Hierarchical Gaussian Mixture Regression Model


Help needed in modelling

Implementing a multilevel model as follows:

Level 1 :

y = intercept + x * slope + error

Level 2 :

slope represents Gaussian Mixture Model

=> GMM(slope | mean, S.D)

with pm.Model() as varying_intercept:
# cluster sizes
p = pm.Dirichlet('p', np.ones(k))

mu_a = pm.Normal('mu_a', mu=0, sd=0.1, shape=k)  # intercept
mu_b = pm.Normal('mu_b', mu=0, sd=0.1, shape=k)  # slope

sd_a = pm.Normal('sd_a', 2, shape=k)
sd_b = pm.Normal('sd_b', 2, shape=k)

intercept = pm.NormalMixture('intercept', p, mu_a, sd=sd_a, shape=unique_subj)
slope = pm.NormalMixture('slope', p, mu_b, sd=sd_b, shape=unique_subj)

# Expected value
y_hat = intercept[id] + slope[id] * x_t

# Model error
sd_y = pm.Normal('sd_y', 10)

# Data likelihood
y_like = pm.Normal('y_like', mu=y_hat, sd=sd_y, observed=observed)
  1. Would like to know whether the written model is correct.
  2. Model has problems in converging.


A couple little things:

  1. For the standard deviations, use pm.HalfNormal in place of pm.Normal

  2. You shouldn’t need an extra level for error; the variances are already part of the GMM

  3. Right now, the slopes and intercepts are being treated as a mixture; instead of the y-values

  4. The cluster weights are not being treated hierarchically

For sharing weights I might do something like:

def logp_alpha(a, l=0.5):
    return tt.log(tt.exp(-l * a))

with pm.Model() as linear_gmm:
  # prior on mixtures: try to be uninformative, but penalize very large values of ||a||
  alpha_prior = pm.Flat('alpha_prior', shape=n_clusters)
  pm.Potential('p(alpha)', logp_alpha(alpha))

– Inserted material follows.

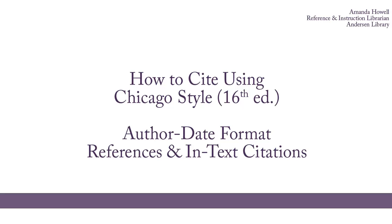In this video, we will discuss how to create a reference list as well as in-text citations. There are other videos describing how to cite books, articles, and websites. There are other sources you may need to cite, in which case you should consult the Chicago Manual of Style, available in Anderson Library at the reference desk.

Oh, I see. You want the slope and intercept to be like a mixed model, for data that looks something like this:


You’re nearly there; but I wouldn’t treat the intercepts and slopes as separate mixture models, but rather I’d treat the “mean” of a cluster as the predicted response for that cluster. That is, each cluster is a “line”, and the standard-deviation is the residual deviation.

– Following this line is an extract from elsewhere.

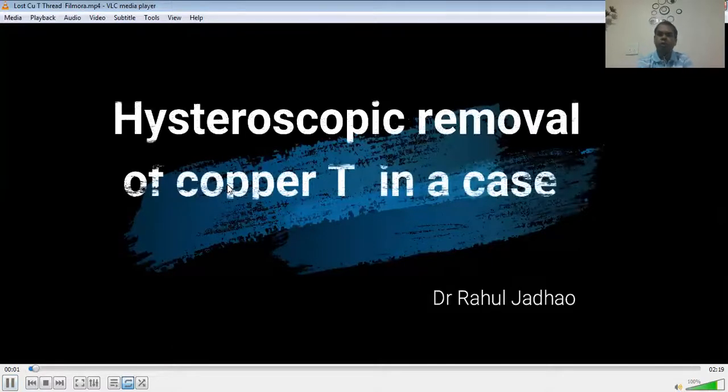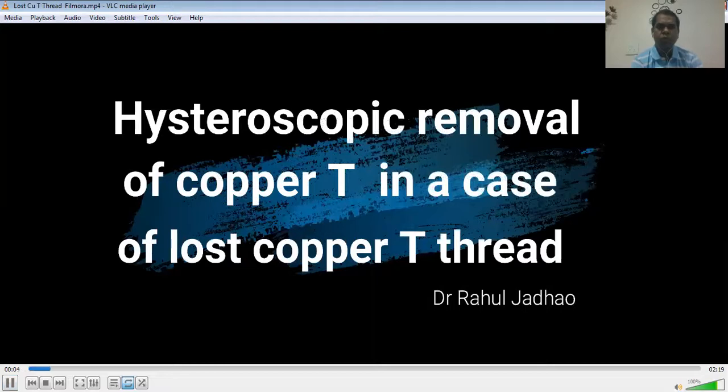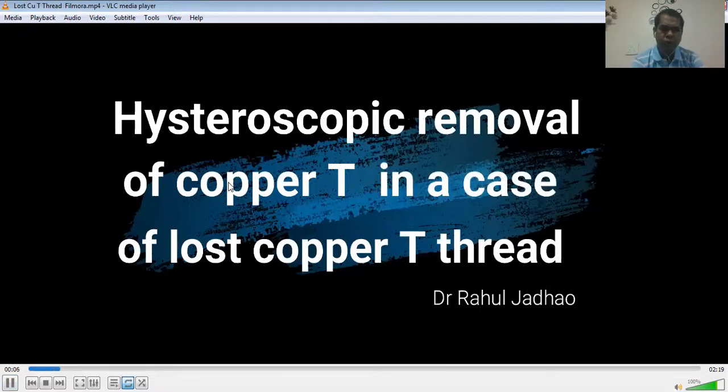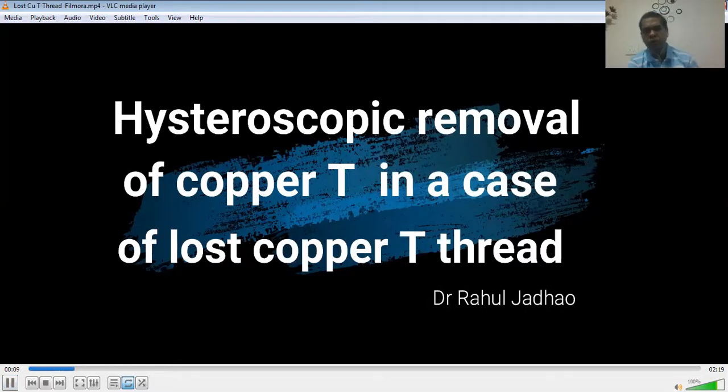This patient was referred from primary health center with non-visualization of copper T thread. The copper T was inserted two years back.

I put the intercept term and x into a design matrix X and it looks something like:

with pm.Model() as mod:
    # priors
    beta_prior = pm.Normal('bprior', 0., 5., shape=(2,))
    beta_se = pm.HalfNormal('bse', 5., shape=(2,))
    # parameters
    weights = pm.Dirichlet('weights', a=np.array([2.]*k))
    # non-centered parameterization
    beta_raw = pm.Normal('beta_raw', 0., 1., shape=(k, 2))
    beta = pm.Deterministic('beta', beta_raw*beta_se + beta_prior)
    cluster_means = pm.Deterministic('cl_means', tt.dot(X, tt.transpose(beta)))  # (n x 2) x (2 x k)
    cluster_sds = pm.HalfNormal('cl_sds', 1., shape=(k,))
    lik = pm.NormalMixture('y', w=weights, mu=cluster_means, sd=cluster_sds, observed=y)
    res = pm.sample(350, init='jitter+adapt_diag', tune=500, chains=3, cores=1, nuts_kwargs={'max_treedepth': 25})

The true betas are

intercepts = np.array([-3.14, 0.151, 2.681])
slopes = np.array([3.1, -1.2, 0.50])

so basically spot on. Posterior:



Thanks for your reply.

The dataset has longitudinal data. The data looks something like thisdata.csv (97.1 KB)

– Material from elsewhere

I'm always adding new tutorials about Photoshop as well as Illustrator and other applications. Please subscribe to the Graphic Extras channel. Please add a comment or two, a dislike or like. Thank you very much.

Data Description and Model :

  1. The subjects follows a linear trend.
  2. I would like to fit a linear model in level 1 for each subject and obtain the slope and intercept and pass it to level 2 model
  3. In level 2, The Gaussian mixture clusters the slope and intercept obtained from the level 1.


I think you’ll find that’s what the model does. Each sample is treated as having an intercept or slope from one of k clusters (with unknown mean and (co)variance).

Your model draws each slope/intercept independently for each sample from the mixture model. The way you would include this in a hierarchical model (with replicates) is by allowing offsets for each of the individuals from each of the clusters. This can quickly lead to over-parameterization, since there are an additional n \times k parameters.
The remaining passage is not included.